By Andrew Slevison
Harry Sheezel has put together a remarkable block of footy for North Melbourne.
While his season to date has been quite consistent, it’s been the past six weeks in which Sheezel has truly flourished.
Coinciding with a shift from half-back to the midfield and with more time spent forward, Sheezel’s overall disposal tally has somewhat dropped away but his impact has risen.
Champion Data’s Daniel Hoyne says the second-year star, who won both North’s best and fairest and the Rising Star award in his debut year, is in esteemed company with Western Bulldogs captain Marcus Bontempelli through his recent patch.
Furthermore, the No.3 draft pick is putting up similar numbers to Collingwood gun Nick Daicos who many rate as one of the top few players in the AFL.
“Harry Sheezel has had the second best six-week patch we have ever seen, behind Marcus Bontempelli, for a player 20 years or younger,” Hoyne exclaimed on SEN’s Sportsday.
“The last six weeks he’s the fifth best payer in the competition.
“The data is probably going to say something different here - he might not be as good as Nick Daicos - but he is reminding us so much of Nick.
“At 37 games, Nick Daicos and Harry Sheezel are averaging the same AFL player rating points, both are averaging 28 disposals, both averaging 450 metres (gained), both averaging seven contested possessions, both averaging 18 uncontested possessions, both involved in five scores a game.

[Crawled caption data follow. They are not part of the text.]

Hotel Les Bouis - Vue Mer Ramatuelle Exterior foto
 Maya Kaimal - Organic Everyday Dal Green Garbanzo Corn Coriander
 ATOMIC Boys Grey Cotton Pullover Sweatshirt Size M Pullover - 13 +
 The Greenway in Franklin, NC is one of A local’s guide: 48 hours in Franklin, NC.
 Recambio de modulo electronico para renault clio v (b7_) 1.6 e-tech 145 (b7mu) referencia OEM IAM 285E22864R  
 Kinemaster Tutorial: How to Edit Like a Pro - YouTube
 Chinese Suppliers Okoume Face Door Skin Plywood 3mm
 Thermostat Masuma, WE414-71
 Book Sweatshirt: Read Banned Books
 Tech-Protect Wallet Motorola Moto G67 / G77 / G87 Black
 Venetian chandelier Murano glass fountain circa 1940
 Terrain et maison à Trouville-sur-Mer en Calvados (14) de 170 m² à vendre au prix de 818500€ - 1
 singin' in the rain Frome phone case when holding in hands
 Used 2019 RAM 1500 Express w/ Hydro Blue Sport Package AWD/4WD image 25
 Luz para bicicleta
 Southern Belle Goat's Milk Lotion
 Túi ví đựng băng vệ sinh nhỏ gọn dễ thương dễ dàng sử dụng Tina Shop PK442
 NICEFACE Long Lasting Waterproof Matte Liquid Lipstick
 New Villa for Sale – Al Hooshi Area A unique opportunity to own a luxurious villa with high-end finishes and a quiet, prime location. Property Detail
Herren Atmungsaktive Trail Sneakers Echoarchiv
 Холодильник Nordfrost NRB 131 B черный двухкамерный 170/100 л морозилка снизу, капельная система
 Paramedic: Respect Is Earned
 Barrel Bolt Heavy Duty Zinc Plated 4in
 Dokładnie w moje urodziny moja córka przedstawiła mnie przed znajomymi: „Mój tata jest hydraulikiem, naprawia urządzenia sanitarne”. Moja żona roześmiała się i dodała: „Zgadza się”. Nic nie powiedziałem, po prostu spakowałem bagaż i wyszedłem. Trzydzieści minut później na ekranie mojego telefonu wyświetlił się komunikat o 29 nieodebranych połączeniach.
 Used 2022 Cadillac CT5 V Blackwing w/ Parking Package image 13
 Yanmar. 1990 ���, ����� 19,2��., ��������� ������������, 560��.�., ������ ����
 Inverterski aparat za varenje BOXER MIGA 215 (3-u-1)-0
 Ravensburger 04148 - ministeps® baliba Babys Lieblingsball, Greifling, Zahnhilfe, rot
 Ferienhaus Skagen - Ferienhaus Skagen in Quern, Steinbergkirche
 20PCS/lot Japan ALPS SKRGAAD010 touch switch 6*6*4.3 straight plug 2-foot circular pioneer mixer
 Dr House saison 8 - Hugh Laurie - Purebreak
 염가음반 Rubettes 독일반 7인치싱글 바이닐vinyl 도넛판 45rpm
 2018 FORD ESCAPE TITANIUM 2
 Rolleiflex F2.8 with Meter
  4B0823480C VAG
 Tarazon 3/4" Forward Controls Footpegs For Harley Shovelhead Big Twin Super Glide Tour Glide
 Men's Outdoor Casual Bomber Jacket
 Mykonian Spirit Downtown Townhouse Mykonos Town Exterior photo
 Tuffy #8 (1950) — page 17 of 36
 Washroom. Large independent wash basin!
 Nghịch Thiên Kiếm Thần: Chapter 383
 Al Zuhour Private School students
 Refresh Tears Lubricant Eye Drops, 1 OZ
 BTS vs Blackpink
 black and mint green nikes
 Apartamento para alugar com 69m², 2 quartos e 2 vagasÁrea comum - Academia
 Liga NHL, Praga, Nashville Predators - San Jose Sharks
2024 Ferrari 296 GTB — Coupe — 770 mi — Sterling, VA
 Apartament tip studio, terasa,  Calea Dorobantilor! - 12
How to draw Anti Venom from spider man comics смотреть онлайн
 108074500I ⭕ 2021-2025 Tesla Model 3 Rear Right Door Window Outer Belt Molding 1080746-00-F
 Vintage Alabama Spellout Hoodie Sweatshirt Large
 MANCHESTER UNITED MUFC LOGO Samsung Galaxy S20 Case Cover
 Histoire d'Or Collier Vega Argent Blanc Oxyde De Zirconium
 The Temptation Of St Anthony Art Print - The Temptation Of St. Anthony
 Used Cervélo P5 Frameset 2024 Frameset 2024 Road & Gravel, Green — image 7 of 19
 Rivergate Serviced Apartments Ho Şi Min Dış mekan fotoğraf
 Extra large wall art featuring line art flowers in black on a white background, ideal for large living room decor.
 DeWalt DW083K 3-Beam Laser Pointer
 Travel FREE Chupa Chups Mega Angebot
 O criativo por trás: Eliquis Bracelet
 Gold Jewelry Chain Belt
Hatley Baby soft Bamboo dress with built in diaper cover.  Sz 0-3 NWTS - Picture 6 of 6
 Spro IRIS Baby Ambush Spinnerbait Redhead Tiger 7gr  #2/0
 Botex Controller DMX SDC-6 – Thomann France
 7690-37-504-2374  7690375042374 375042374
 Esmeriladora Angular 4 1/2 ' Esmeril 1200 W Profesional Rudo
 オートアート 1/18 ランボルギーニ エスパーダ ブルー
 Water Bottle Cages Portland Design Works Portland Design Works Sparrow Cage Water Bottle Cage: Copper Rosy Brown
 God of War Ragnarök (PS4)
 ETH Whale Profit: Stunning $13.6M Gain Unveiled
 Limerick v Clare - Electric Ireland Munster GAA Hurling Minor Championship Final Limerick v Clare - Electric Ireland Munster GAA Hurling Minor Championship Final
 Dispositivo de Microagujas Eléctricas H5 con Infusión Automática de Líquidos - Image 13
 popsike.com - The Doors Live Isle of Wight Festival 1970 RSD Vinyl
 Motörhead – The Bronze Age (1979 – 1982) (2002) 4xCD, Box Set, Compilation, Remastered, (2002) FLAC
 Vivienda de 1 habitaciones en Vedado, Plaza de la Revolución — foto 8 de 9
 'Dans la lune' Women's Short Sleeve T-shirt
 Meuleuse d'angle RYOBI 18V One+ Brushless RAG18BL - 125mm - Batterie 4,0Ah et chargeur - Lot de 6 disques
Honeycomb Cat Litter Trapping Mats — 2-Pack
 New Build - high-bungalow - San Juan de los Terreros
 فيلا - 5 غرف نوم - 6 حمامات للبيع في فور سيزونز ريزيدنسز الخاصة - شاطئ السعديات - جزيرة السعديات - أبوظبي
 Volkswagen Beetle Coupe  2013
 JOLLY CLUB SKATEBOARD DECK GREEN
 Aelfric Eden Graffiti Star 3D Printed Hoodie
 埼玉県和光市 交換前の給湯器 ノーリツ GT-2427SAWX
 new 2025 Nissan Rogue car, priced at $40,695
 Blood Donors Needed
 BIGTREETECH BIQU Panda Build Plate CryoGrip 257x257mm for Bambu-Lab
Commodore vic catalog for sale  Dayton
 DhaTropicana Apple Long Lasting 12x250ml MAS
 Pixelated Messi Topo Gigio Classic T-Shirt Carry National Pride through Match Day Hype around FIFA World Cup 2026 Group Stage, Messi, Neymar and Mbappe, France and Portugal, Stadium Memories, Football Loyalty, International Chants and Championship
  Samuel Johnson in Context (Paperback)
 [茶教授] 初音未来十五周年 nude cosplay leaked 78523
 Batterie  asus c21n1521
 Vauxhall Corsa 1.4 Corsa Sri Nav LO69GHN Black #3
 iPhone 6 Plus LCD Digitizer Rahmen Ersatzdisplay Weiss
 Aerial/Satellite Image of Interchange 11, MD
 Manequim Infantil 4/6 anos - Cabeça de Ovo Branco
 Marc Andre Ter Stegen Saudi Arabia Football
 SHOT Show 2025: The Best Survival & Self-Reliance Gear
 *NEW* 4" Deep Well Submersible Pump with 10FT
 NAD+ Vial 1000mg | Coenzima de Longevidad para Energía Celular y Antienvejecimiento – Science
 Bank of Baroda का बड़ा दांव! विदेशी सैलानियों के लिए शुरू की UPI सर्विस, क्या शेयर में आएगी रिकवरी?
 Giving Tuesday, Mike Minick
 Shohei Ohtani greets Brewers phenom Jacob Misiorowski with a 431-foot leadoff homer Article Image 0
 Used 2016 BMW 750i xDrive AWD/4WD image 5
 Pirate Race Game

“It is phenomenal how identical their careers are after 37 matches.
“Daicos hadn’t played in a premiership yet, he was on his way. I think Nick could be the second best player I’ve ever seen behind Gary Ablett Jnr, potentially.
“I just don’t think Sheezel is getting the same love as what Nick was getting at the same stage. He needs to be elevated in discussions in terms of where this guy sits amongst the competition, let alone where he sits at North.”
Hoyne feels that Sheezel’s cleverness on the field already has him standing out as North’s very best player.
“He is their best player,” he added.
“I love what ‘LDU’ (Luke Davies-Uniacke) does and I love what George Wardlaw is doing, but this guy is their best player.
“His footy IQ is phenomenal for his ability to pick it up a second or two before the opposition does to then win a contested possession that’s up for grabs to make it feel like an uncontested possession.”
While Kane Cornes does like Sheezel as a player, he admits that he doesn’t see the same sort of impact in him that he does in players like teammate George Wardlaw, Daicos or former Roo Jason Horne-Francis, for example.
“He doesn’t grab me like Nick Daicos, a George Wardlaw or a Horne-Francis does,” Cornes said.
“Just the eye-catching (ability). ‘Wow, that was unbelievable’. I don’t see many ‘that was unbelievable’ moments. I see the occasional ones and I’ve loved the move from half-back (to midfield).
“I appreciate the ball use and the decision making, you’ve got to watch him closely because he’s so clean, he’s a good decision maker, he’s a good finisher, but he’s kicked seven goals for the year so he’s not a high scoreboard player.
“When I watch him he doesn’t grab me as the fifth best player or to link into the others you’ve mentioned. I respect what he’s doing but I don’t have him on the level that you’ve got him.”
Regardless of that opinion, Sheezel has putting together another superb season which has him averaging 458.4 metres gained, 28.9 disposals, 22.1 effective disposals, 7.1 marks, 3.9 tackles, 3.4 inside 50s and 2.2 clearances.
He and the Roos take on the Western Bulldogs at Marvel Stadium on Saturday as they chase their second win of the season.